Please repeat the whole listing exactly, but leave the pictures out.

**Exercise data**
__________________________________________________

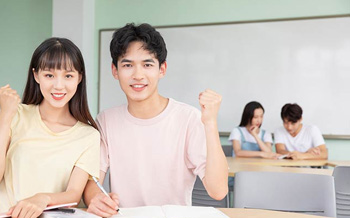 精良师资，中外结合 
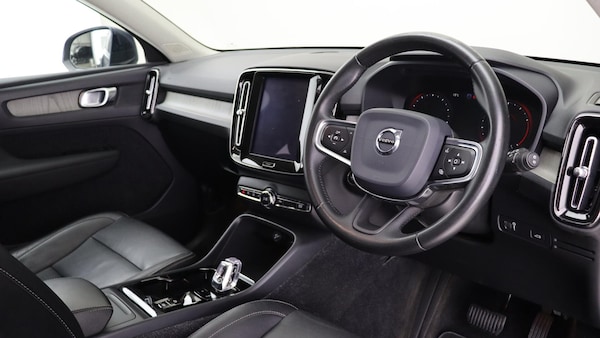 Used Volvo XC40 2019 for sale - 76158723: Photo 4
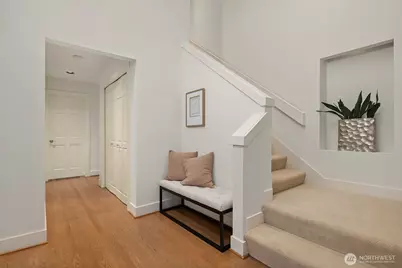 1716 Bellevue Way NE, Bellevue, WA 98004 - Photo 22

__________________________________________________

**Response to this task**
 精良师资，中外结合 
 Used Volvo XC40 2019 for sale - 76158723: Photo 4
 1716 Bellevue Way NE, Bellevue, WA 98004 - Photo 22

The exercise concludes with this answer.